Detrás de tanta normativa milimétrica se agazapa una desconfianza descomunal en la gestión privada, que actúa como un implícito reproche moral

Tienden a echarse a pelear los partidarios de culpar a una causa del declive demográfico contra los partidarios de culpar a otra: si el desfallecimiento moral o si la precaria situación económica de los jóvenes. Pero la crisis es tan grande que acoge un montón de motivos, por desgracia. Son ambas causas y más. Yo sumo también la falta de valoración social de la paternidad, objeto de irrisión en los medios, desautorizada sin solución de continuidad. ¿Quién va a remar a contracorriente de los valores postmodernos y a ajustarse el cinturón en tiempos de penurias para que, encima, se rían de él y no le hagan caso ni en su casa?

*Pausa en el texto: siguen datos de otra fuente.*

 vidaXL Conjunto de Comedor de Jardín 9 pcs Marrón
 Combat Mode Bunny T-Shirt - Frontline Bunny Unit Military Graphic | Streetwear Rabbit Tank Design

Algo similar pasa con los empresarios. Hay un desfondamiento de su autoridad que parece intencional y sistemático. Cuando los empresarios piden que sea el Estado el que se encargue de recaudar los impuestos de los trabajadores, pretenden dos cosas legítimas. Primero, no pasar como agentes –«publicanos», diríamos en lenguaje evangélico– de Hacienda ante sus propios empleados. Segundo, que los trabajadores sean conscientes de cuánto les paga el empresario en realidad. En ambos casos, estamos ante la súplica utópica y desesperada de mantener el buen nombre del empresario ante su propia gente.

También produce una distorsión en las relaciones laborales el hecho de que el Estado dificulte el despido. Queda la sensación de que no es el buen trabajo de cada cual ni la satisfacción del empresario lo que garantiza la estabilidad laboral. No digo, entiéndaseme, que no sea necesaria una protección jurídica de los trabajadores. Apunto, solamente, que esa normativa tan estricta expulsa y relativiza el trabajo en sí y la satisfacción mutua del trabajador y del empresario.

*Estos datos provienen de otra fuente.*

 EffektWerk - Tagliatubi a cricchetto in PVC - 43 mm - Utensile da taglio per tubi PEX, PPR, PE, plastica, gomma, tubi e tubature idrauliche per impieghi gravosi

Puede decirse lo mismo de una reglamentación exhaustiva de la organización de la empresa, de los horarios, de los sueldos, de las condiciones, etc. Aleja el poder efectivo de decisión del empresario y, por tanto, limita sus posibilidades de liderazgo. Deshumaniza la dirección del negocio o de la fábrica, que depende cada vez más de la aplicación mecánica de normas externas y, por tanto, ciegas al caso concreto, hechas en despachos políticos e indiferentes a las peculiaridades de cada sector.

Detrás de tanta normativa milimétrica se agazapa una desconfianza descomunal en la gestión privada, que actúa como un implícito reproche moral. No rige el principio de subsidiaridad, en absoluto, sino una creciente tendencia intervencionista de arriba abajo.

No sé cuál sería la medida precisa de libertad. Sólo que, tal y como estamos ahora, se socava el prestigio del empresario ante sus trabajadores y se vacía de contenido su importante autonomía. Apenas le queda margen para mostrarse generoso con sus trabajadores, porque las normativas le exigen todo lo que puede darles (a ellos y a las arcas públicas) y, a menudo, un poco más. De modo, que se le condena a la legítima defensa de velar agónicamente por sus intereses y/o a buscar como gato panza arriba maneras alternativas de hacer las cosas, que suelen generar arañazos y maullidos.

No hace falta que me recuerden (por enésima vez) que hay empresas que sí ganan mucho dinero y otras o las mismas que no se portan bien con sus trabajadores. Pero sí conviene recordar la dificultad del empresario ordinario, presionado por requeterequisitos burocráticos, fiscales y laborales, y al que no dejan holgura para la magnanimidad y la mejora de las condiciones de sus trabajadores motu proprio. Esto es una pérdida más profunda de lo que parece a simple vista y con más consecuencias de las imaginadas. Entre ellas, limita las vocaciones al emprendimiento, sin duda.